Soundgarden singles chronology
| "Outshined" (1991) | "Rusty Cage" (1992) | "Spoonman" (1994) |

Music video
- "Rusty Cage" on YouTube

= Rusty Cage =

1992 single by Soundgarden

"Rusty Cage" is a song by the American rock band Soundgarden. Written by frontman Chris Cornell, "Rusty Cage" was released in 1992 as the third single from the band's third studio album, Badmotorfinger (1991). The song became an instant hit and was released as a single in several different formats.

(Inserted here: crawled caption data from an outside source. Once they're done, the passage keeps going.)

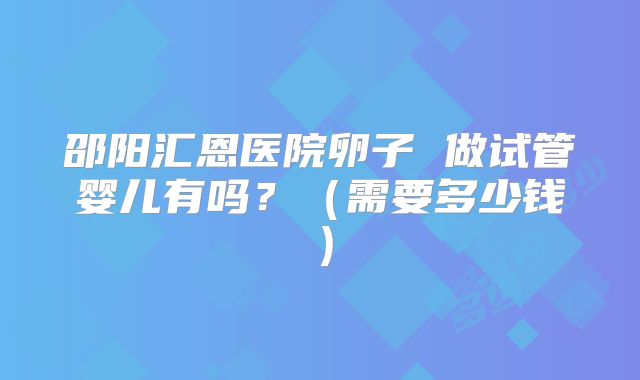 邵阳汇恩医院卵子 做试管婴儿有吗?(需要多少钱)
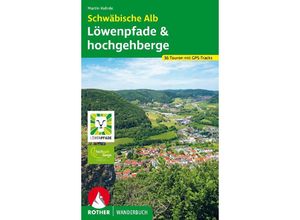 9783763333790 - Rother Wanderbuch   Schwäbische Alb Löwenpfade und hochgehberge - Martin Kuhnle Kartoniert (TB)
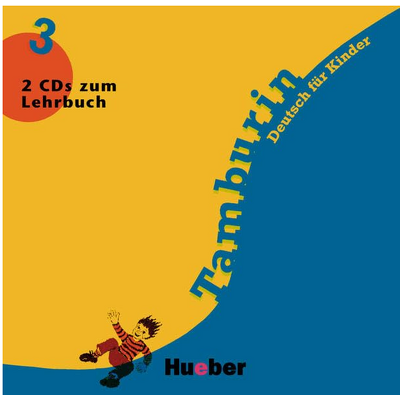 Tamburin 3 - 2 Audio-CDs zum Lehrbuch Deutsch fur Kinder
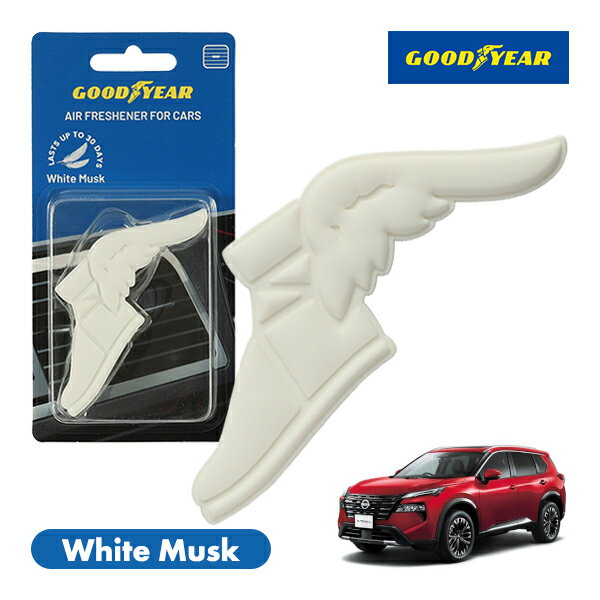 【GOODYEAR正規品】 ホワイト 白色 ウイングフット型 芳香剤 ホワイトムスク クリップ式 エアフレッシュナー エアコン吹き出し口 フレグランス 日産 エクストレイル T33型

The song was included on Soundgarden's 1997 greatest hits album, A-Sides, and the 2010 compilation album Telephantasm.

==Origin and recording==
"Rusty Cage" was written by frontman Chris Cornell. Guitarist Kim Thayil on the song:
The tuning on that song was pretty nutty. It's recorded with a wah wah in the low position used as a filter. That was the first time we did anything like that. It was Chris's idea; he wanted to get that weird tone that you can't really dial in on an amp. But if you use the wah wah as a filter, it gets an incredibly weird sound. And if you listen to that riff, especially if you've heard the original demos of it, it almost sounds backward.

==Composition==
On "Rusty Cage" the bottom E string is tuned all the way down to B, with Thayil stating that "the string was all wobbly but it had a good effect". The song features a striking tempo change towards the end of the song. The phrasing and meter also change: the first part of the song is in 4/4 but the second, slower, part is in an irregular, recurring metric pattern containing nineteen beats that could be interpreted various ways: either as 4 bars of 3/4 followed by one bar of 2/4, followed by a bar of 3/4 and a bar of 2/4 (3+3+3+3+2+3+2), or as 3+3+3+5+5, or even as one long bar of 19/4 or 19/8. Thayil has said that Soundgarden usually did not consider the time signature of a song until after the band had written it, and said that the use of odd meters was "a total accident".

==Release and reception==
"Rusty Cage" was released as a single in 1992 in various versions with a previously unreleased B-side titled "Touch Me". Outside the United States, the single was released commercially in Australia, Germany, the Netherlands, and the United Kingdom. The song gained considerable airtime on alternative rock radio stations.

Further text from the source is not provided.